------ Supplied information

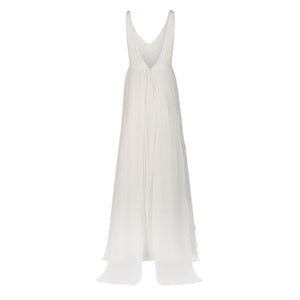 Sunny Gown in Ivory Georgette with Scallop Floral Embellishment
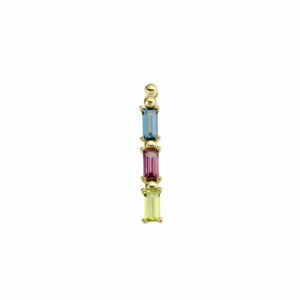 Pendentif multicouleur pierres fines topaze, péridot et rhodolite sur or jaune 18 carats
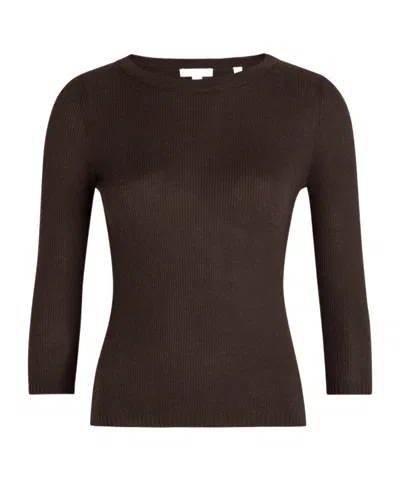 Vince Striped Long-sleeve Top In Brown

------------

Required action:
Please copy out the whole listing exactly as it stands, minus the pictures.

Exercise response:
 Sunny Gown in Ivory Georgette with Scallop Floral Embellishment
 Pendentif multicouleur pierres fines topaze, péridot et rhodolite sur or jaune 18 carats
 Vince Striped Long-sleeve Top In Brown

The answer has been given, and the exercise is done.